Paul Jean Flandrin (28 May 1811, Lyon – 8 March 1902, Paris) was a French painter. He was the younger brother of the painters Auguste Flandrin and Hippolyte Flandrin.

==Life==
Flandrin first trained with Antoine Duclaux (a landscape painter and animal painter from Lyon) and Jean-François Legendre-Héral (a sculptor), before joining the École des beaux-arts de Lyon, then the École des beaux-arts de Paris. He then joined the studio of Dominique Ingres. He competed for the prix de Rome twice and was unsuccessful both times, but still managed to get to Rome at his own expense, joining his brother Hippolyte, who had already won the prize. They spent four years in Rome, during which Paul specialized in landscape painting, making studies after nature which he later worked up into history paintings for the Paris salons. He also regularly collaborated with his brother, providing the landscape backgrounds for the latter's works.

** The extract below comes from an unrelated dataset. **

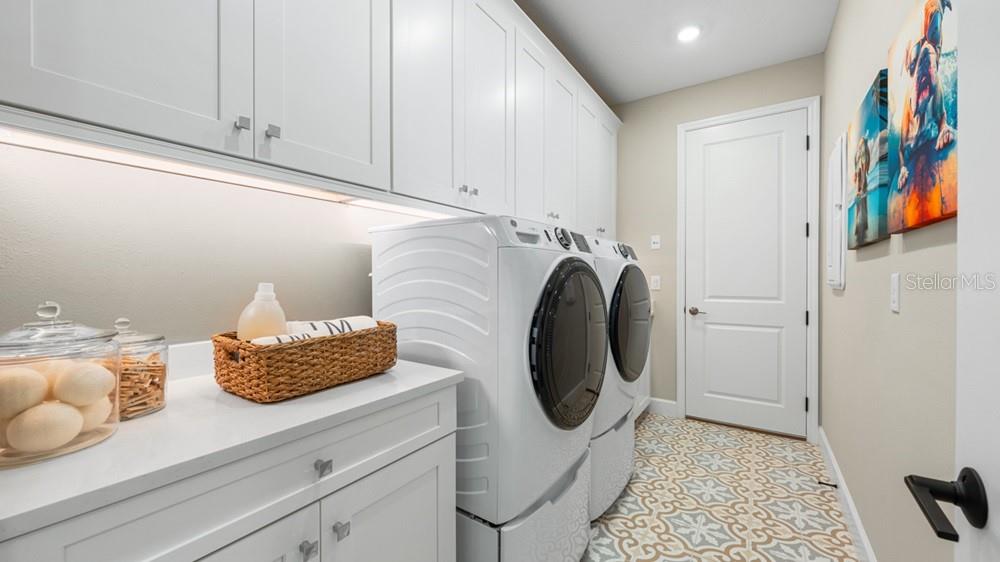 VICTORIA LAKES - Residential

As well as being one of the most notable proponents of the classical landscape tradition alongside Édouard Bertin and Alexandre Desgoffe (whose daughter Aline he married in 1852), Paul Flandrin evolved later in his career towards a more naturalistic style. He also produced portraits in oils and pencil as well as caricatures. He and Aline Desgoffe had one child, Joseph Flandrin (1857–1939), who became an architect and was the father of the painter Marthe Flandrin (1904–1987).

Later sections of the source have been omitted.